Tim, I think cermi does not want to use more than 72 threads. He is concerned that he creates more than 72 threads, because he uses nested parallel regions.
Cermi, have you verified that there are indeed that many threads? The documentation of the Intel compiler sounds like the thread pool is limited in size. You should be able to limit it further using the environment variable OMP_NUM_THREADS or the function void omp_set_num_threads(int nthreads).
From my use of OpenMP on Windows based systems with nested OpenMP structured applications, the OpenMP thread pools are static pools within static pools within static pools, ...
This means when the main enters the 1st layer, the number of threads for the outer most layer is either specified or assumed and those numbers of threads are allocated/created and bound to the team member numbers (0,1,2,...) or the outer most layer. Whenever you exit the outer most layer and then reenter the outer most layer the same team member numbers of that outer most layer receive (run on) the same system thread as they did on the first run. I assume (but have not confirmed) if the second entry into the outer most layer specifies more threads than on the first entry into the outer most layer that new threads are allocated (i.e. first iteration nested level created threads are not used by the outer most layer and new threads are allocated).
On the first nest level, each thread from the team ofthe outer most layer can (may) specify the number of threads it wants to use for the nest level (external circumstances can deny the number of requested threads or even deny nesting). Upon entry into the new nest level the former team member number n of the outer level becomes team member 0 of the inner nest level and the remainder of the threads become team member numbers 1, 2, ... The system threads created for this team member from the outer level, once created remain static for this nest level and get re-used upon reentry to this nest level.

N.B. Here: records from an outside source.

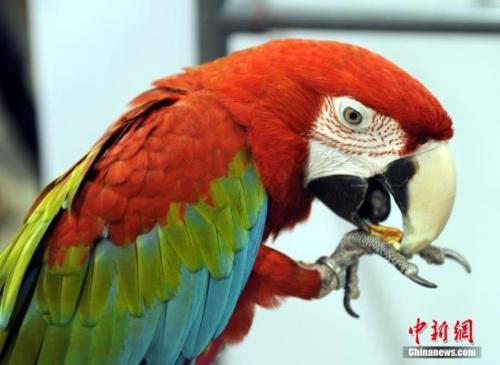 资料图：鹦鹉
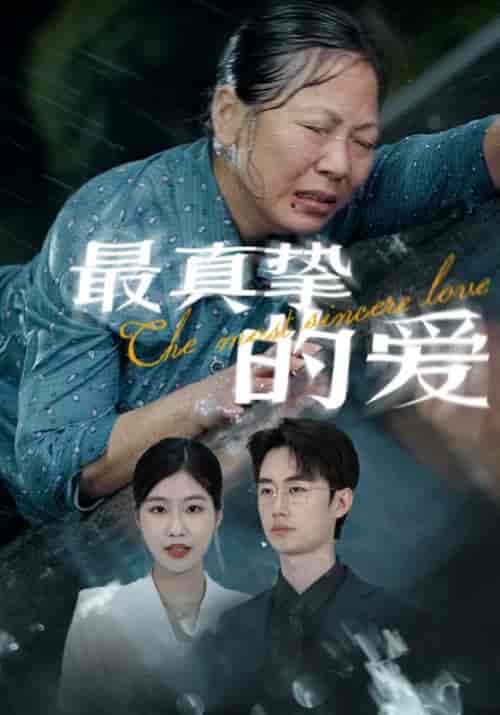 最真挚的爱（76集）-紫橙资源网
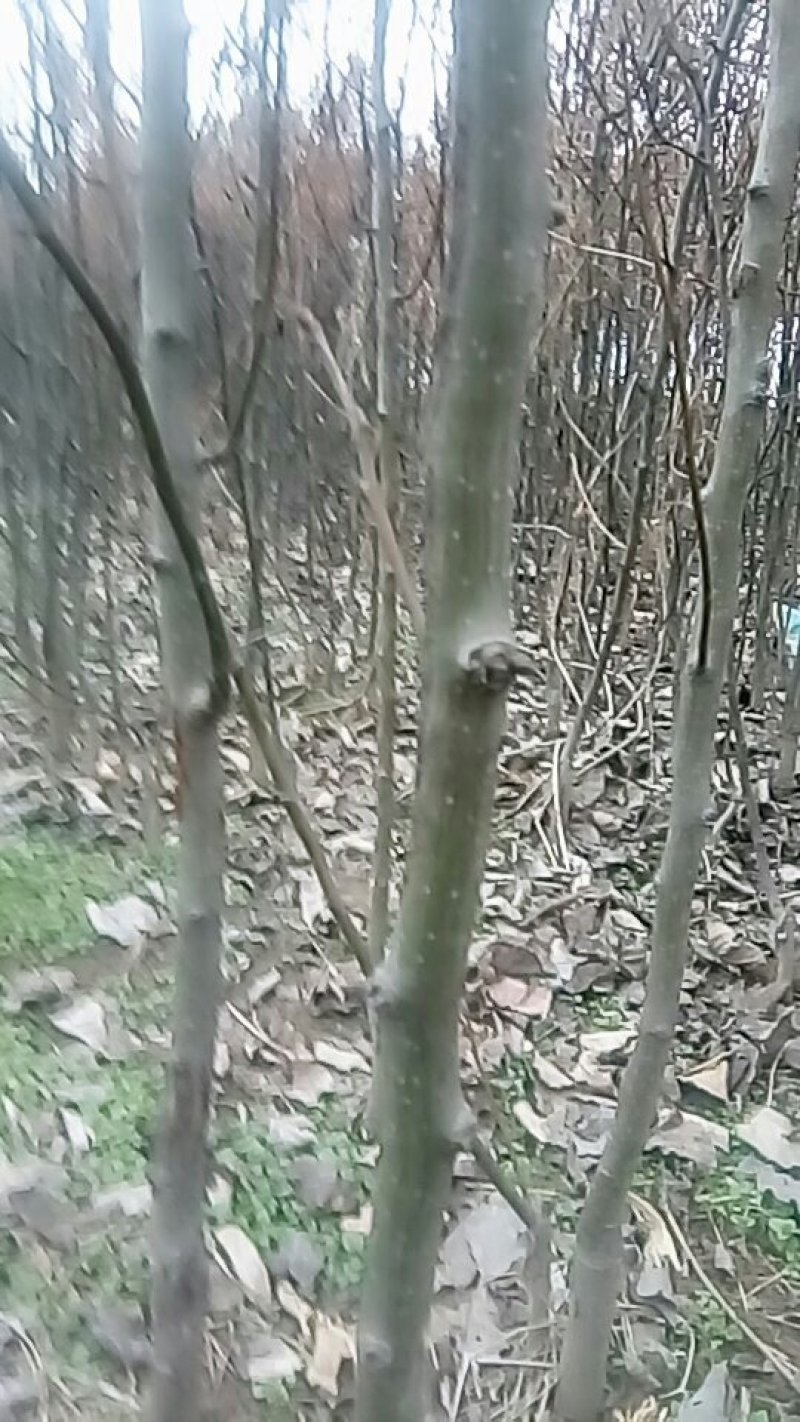 梨树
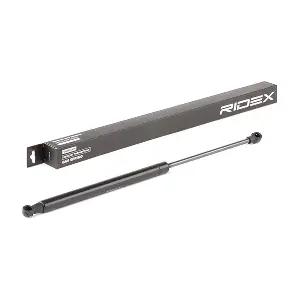 219G0356 RIDEX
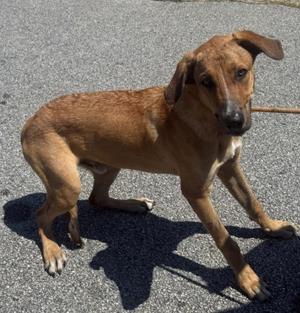 Dippy, Catahoula Leopard Dog, young, available for adoption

In cermi's situation with 72 cores (72 hardware threads), if each of his 3 nest levels specified take all threads it would require 72 threads on main level + 71*72 on the next level, +(71*72-1)*72 on the next (?). Clearly an unworkable situation for thread explosion.
When using nested levels you must pay close attention to how you distribute the numbers of threads at each level. Too may threads will slow you down. Cermi apparently is doing this but his thread count is unmanagebly large.
A better approach would be to use a thread tasking system such at TBB (Intel Threading Building Blocks)or the thing I am working on, QuickThread (although at this time QuickThread only runs on Windows, later revisions will support Linux).
In thread tasking systems, such as TBB or QT, the 72 threads (or optionally a fewmore) would be created and placed into a general pool. Then no matter how deep of nesting (task level nesting), each level can utilize a sub-set of the total set of threads. As an example the TBBparallel_for can specify a granularity size and indirectly restrict the number of threads to be used on the construct. The task pooling nature of TBB (and QT) makes more effective use of your application threads.
I would suggest that cermi consider using TBB for his application. Although their will be considerable work involved, the payback will be worth the effort.